Last week, I spoke at the University of Connecticut’s School of Business, as part of their Leadership Speaker series, which was made possible by a Target® Stores grant. (Thank you Target!) My talk was entitled: Everyday Leadership: Motivating the Leader in You.
After the talk, one of the savvy students asked me whether I thought leaders were born or made. It is a profound question that has been asked and pondered by many people.
After taking a slow, deep breath, giving me time to reflect on his question, I answered, “I think leaders are made. I think that anyone can become a leader, if the inner drive and external support are favorable.”
Centuries before our time, people who were born into royalty, wealth and privilege were accepted as naturally superior to others. They were born into the leadership role and were obligated to lead their family fortunes and their nations, even if they didn’t have the character, skill or desire to lead. Others were precluded from leadership opportunities simply by virture of their birth and family lineage. Of course, history has proven that leaders come from all walks of life and that you can become an important leader even if you weren’t born into it.
Leadership is a choice
David O’Brien’s short answer to the question of whether leaders are born or made? is “I don’t know for sure, but what I do know for sure is that…
“Everyone has the capacity to lead. Leadership is a choice and once you make that choice, you are called to demonstrate leadership every waking second of every day. There is no off switch on leadership.”
David used to think about leadership in terms of leading people. That is how one uses his/her influence to lead, inspire and engage groups of people. Following the Great Recession of 2009, David began to think about leadership from a broader context. In his Article – Redefining Leadership, David reminds us that the world in which we live calls for true leadership outside of work too.
“Leadership today is by my estimation much more about the opportunity we each have to demonstrate personal leadership in all aspects of life versus the single dimension of work or job title.”
David defines personal accountability as “consistently doing more than is expected well and with a good attitude.” He suggests that the heightened level of personal accountability starts with the leader as he or she is the role model for the desired behaviors, attitudes and performance.
Through this lens, I believe we all have the opportunity to be leaders. It’s not about power and control, or fame and fortune, but about personal responsibility and accountability. Are you born or made this way? Who were the role models of this leadership trait in your life?

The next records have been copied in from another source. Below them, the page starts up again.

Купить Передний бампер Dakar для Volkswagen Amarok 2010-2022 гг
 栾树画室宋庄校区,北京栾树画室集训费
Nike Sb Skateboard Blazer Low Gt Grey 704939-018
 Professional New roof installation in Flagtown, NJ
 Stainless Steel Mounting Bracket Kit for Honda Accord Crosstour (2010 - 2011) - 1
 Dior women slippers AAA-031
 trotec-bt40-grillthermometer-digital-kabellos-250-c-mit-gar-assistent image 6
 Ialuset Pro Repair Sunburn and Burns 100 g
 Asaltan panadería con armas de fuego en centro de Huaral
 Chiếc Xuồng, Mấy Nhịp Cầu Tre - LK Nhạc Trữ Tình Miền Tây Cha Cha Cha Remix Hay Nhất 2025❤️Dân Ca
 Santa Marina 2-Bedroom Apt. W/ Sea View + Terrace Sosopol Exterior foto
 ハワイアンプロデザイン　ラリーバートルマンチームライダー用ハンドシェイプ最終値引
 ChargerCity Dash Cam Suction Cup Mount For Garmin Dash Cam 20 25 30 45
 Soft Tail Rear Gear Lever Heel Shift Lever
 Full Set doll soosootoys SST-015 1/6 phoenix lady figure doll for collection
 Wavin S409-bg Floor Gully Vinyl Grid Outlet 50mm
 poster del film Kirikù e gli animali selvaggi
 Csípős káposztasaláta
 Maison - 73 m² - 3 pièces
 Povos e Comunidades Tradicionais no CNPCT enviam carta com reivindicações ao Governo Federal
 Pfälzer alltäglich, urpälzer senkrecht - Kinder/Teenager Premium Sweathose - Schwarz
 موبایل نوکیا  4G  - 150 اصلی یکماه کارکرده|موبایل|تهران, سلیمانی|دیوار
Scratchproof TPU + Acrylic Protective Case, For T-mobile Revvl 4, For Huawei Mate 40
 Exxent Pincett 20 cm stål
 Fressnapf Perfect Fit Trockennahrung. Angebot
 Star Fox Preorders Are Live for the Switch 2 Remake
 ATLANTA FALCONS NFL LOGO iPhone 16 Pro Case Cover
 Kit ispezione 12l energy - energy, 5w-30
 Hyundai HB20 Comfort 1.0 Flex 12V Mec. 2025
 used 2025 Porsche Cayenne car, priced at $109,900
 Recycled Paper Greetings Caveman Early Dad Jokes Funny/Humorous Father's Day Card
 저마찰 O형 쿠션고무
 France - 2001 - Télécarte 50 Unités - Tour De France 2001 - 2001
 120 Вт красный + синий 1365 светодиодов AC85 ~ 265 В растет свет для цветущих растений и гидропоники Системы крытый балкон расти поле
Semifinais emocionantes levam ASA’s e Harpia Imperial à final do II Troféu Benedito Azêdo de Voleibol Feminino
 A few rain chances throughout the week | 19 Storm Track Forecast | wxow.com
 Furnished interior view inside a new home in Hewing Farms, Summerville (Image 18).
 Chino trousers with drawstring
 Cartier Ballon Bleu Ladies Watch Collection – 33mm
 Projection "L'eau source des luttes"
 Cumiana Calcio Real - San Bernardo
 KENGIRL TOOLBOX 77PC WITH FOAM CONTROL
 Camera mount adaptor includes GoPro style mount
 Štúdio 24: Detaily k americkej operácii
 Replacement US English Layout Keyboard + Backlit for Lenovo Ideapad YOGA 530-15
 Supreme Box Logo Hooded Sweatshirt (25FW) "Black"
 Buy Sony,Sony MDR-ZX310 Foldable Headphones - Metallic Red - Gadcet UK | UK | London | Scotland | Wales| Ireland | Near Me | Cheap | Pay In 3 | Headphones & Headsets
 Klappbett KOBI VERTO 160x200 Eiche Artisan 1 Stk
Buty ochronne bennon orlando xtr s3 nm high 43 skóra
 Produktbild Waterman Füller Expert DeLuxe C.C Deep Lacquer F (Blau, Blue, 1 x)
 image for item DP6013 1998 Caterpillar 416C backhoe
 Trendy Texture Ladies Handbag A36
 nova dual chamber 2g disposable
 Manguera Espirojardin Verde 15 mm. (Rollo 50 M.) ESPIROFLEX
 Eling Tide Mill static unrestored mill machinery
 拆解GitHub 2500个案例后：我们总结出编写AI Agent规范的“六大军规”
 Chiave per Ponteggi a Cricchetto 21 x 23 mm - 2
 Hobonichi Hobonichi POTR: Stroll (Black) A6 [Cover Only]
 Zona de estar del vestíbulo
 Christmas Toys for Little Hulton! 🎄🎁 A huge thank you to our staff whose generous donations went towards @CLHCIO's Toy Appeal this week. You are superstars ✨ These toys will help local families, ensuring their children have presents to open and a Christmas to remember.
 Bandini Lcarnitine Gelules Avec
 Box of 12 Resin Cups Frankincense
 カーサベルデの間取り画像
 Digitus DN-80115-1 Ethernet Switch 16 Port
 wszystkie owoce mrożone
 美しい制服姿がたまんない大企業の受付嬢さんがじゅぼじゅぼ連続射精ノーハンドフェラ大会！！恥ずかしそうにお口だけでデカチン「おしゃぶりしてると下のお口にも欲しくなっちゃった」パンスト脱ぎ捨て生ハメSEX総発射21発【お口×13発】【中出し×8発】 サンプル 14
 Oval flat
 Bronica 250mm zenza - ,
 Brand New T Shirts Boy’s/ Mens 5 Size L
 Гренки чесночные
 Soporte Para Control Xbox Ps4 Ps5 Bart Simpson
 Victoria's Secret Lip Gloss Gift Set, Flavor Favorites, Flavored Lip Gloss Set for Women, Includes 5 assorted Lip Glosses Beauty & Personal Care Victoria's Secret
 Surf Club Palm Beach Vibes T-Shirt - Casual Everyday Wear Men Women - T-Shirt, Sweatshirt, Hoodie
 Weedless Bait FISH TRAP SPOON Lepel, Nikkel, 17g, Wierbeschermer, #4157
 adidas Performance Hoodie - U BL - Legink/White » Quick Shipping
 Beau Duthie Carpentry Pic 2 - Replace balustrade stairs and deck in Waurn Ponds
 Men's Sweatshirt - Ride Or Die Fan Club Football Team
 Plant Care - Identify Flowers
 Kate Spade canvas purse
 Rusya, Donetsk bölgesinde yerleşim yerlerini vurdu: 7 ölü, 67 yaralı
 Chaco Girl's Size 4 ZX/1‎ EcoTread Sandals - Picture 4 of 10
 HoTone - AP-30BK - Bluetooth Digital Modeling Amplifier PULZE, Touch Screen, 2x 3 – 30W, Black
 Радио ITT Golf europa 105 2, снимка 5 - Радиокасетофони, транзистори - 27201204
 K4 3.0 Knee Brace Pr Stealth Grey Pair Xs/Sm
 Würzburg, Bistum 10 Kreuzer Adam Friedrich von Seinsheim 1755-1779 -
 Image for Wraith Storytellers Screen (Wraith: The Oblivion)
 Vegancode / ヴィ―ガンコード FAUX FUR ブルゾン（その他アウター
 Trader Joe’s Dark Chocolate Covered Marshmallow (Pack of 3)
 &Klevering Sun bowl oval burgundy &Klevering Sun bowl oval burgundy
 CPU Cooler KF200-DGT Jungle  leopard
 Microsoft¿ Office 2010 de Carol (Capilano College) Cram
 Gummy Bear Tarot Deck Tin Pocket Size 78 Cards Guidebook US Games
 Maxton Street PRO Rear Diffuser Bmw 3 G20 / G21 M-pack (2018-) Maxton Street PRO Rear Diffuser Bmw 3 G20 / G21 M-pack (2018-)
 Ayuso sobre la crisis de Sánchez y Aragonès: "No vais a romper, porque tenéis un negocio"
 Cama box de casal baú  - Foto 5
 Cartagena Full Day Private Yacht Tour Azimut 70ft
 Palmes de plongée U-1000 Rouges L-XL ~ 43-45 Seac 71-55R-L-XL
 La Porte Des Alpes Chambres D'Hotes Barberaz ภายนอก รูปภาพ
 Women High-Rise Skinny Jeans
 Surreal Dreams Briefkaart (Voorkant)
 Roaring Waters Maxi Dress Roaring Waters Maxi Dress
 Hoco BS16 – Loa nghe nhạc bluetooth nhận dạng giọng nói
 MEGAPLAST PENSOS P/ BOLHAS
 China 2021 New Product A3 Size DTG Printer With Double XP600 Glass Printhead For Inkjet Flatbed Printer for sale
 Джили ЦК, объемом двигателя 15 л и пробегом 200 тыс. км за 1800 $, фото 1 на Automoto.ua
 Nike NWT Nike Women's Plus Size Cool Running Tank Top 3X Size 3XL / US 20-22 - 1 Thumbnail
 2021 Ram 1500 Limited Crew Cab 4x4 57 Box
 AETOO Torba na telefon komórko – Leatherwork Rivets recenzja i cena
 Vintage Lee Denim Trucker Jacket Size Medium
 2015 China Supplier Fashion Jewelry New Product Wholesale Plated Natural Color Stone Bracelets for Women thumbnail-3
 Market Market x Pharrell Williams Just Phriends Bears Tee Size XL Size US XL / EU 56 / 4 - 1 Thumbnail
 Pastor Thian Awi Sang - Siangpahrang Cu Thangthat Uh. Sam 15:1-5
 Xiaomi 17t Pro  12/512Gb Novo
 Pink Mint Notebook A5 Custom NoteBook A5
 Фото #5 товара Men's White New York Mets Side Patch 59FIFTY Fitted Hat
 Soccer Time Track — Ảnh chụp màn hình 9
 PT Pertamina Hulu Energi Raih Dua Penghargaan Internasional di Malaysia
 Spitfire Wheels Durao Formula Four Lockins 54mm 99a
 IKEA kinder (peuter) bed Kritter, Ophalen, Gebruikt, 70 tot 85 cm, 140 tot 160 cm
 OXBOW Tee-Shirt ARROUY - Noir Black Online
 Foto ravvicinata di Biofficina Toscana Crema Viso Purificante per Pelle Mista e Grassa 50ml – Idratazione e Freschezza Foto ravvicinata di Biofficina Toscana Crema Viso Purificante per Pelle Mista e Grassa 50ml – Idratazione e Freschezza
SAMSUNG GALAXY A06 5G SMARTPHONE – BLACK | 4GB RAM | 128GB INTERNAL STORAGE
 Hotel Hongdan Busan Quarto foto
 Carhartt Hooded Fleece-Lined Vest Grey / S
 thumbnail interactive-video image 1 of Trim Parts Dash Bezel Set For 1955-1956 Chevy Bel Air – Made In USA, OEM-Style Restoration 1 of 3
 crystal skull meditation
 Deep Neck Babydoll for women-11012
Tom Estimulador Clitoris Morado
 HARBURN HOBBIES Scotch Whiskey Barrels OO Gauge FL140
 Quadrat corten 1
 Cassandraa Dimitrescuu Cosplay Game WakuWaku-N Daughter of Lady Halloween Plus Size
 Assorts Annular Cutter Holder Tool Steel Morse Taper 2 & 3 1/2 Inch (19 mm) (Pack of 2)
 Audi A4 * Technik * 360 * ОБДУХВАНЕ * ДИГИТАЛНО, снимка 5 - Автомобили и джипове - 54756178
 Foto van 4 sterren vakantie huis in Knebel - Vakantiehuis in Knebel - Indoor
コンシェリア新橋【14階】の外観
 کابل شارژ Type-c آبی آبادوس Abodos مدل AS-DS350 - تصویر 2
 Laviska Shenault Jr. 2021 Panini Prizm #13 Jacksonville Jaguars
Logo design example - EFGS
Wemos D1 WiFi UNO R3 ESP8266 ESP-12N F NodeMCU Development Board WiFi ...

I encourage you to learn more about leadership from David O’Brien, who has kindly allowed me to share these resources with my readers:
- Article – Redefining Leadership
- Article – Deliberate Leadership in a Distracted World
- Visit David O’Brien’s web site: www.workchoicesolutions.com
Perhaps we are looking at the question too narrowly
Allison Akers Davis would argue that leaders are both born and made. She shared with me the following:
“There are charismatic leaders who show signs of leadership in the sandbox, those children who other children dress like and want to be like. We knew them in high school, the kids who had their own style and other kids hung on every word, they are charismatic, focused and engaged in learning.
Leaders can also be developed. Coaching can help leaders to build an awareness of how they show up and what actions to take to build on strengths, such as relationship building, and to pay attention to their opportunities, such as leadership presence.
Coaching and leadership development can then help leaders to learn and apply new techniques for greater success on the job.”
Does the personality you are born with determine your leadership potential?
To answer this question, I turned to the work of Susan Cain, author of Quiet: The power of introverts in a world that can’t stop talking. Susan reminds us that society has shifted its definition of leadership to one that favors the extroverted personality type. Charisma seems to be a must-have quality of a leader.
Ms. Cain reminds us that there are many outstanding examples of leaders who were not born with charming, outgoing personalities. Leaders and world changers like Albert Einstein, Bill Gates, Sonia Sotomayor, Rosa Parks, Al Gore, Warren Buffett, Gandhi, Eleanor Roosevelt, and others.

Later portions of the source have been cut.